Teva Shares Hit 15-year Low, Mylan Surges After FDA Bombshell

News of FDA approving generic version of Teva's top-selling drug, Copaxone, hit Tel Aviv as stock market reopens after holiday

A Teva Pharmaceutical Industries Ltd. logo at the entrance to the company's factory in Godollo, Hungary.

Teva Pharmaceuticals stocks plummeted 14% on Sunday morning at the Tel Aviv Stock Exchange, hitting a 15-year low after the U.S. Food and Drug Administration last week approved a generic version of its flagship branded drug.

Also last week, European regulators gave the go-ahead for a generic version made by Alvogen.

Mylan's shares were surging 19.5% on the news of the FDA approving a generic version of Copaxone, a multiple sclerosis drug by Teva, generating more than $4 billion in revenue for the Israeli drug maker last year.

The new generic competition comes as Teva struggles with huge debts, price pressure on its core generic drug business in the United States and a leadership vacuum.
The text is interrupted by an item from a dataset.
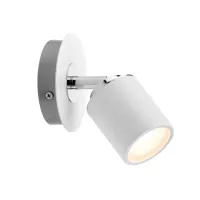 Strahlerröhre IP44 GU10 230V max. 10W dimmbar Weiß, Chrom - système d'accrochage et décoration - détail 2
The impact of the two generic Copaxone launches to Teva's fourth-quarter earnings could be a reduction of at least 25 cents a share, or about $250 million, according to an early assessemnt by the company.

The first blow to Teva came when the FDA approved Mylan’s applications for both 20- and 40-milligram versions of generic Copaxone. The 40-milligram dosage accounted for more than 85% of Copaxone prescriptions in the second quarter.

The FDA clearance came earlier than either Teva or Mylan had expected and just a day after the agency had said it would introduce measures to speed up approval of generic versions of complex drugs like Copaxone to help address the rising cost of pharmaceuticals.

JPMorgan analysts said Teva now faced full generic competition for Copaxone nine to 12 months earlier than expected. Teva had already been hurting due to weak generics prices in the United States and high debt.

Analysts called the approval a big win for Mylan and said it would help 2017 and 2018 earnings. Mylan filed its first application for a version of Copaxone in 2009.

After the approval, Mylan said it expected to start shipping its generic drug very soon. The FDA approval letter also said the company might be eligible for 180 days exclusivity on the drug, Mylan said.

Momenta Pharmaceuticals and the Sandoz unit of Novartis already sell a generic version of 20-milligram Copaxone and are developing a version of the 40-milligram dosage.

But their difficulties in getting the higher-dose version approved had dampened expectations for Mylan before Tuesday. Momenta said the companies would still be able to launch during any exclusivity period if they received approval.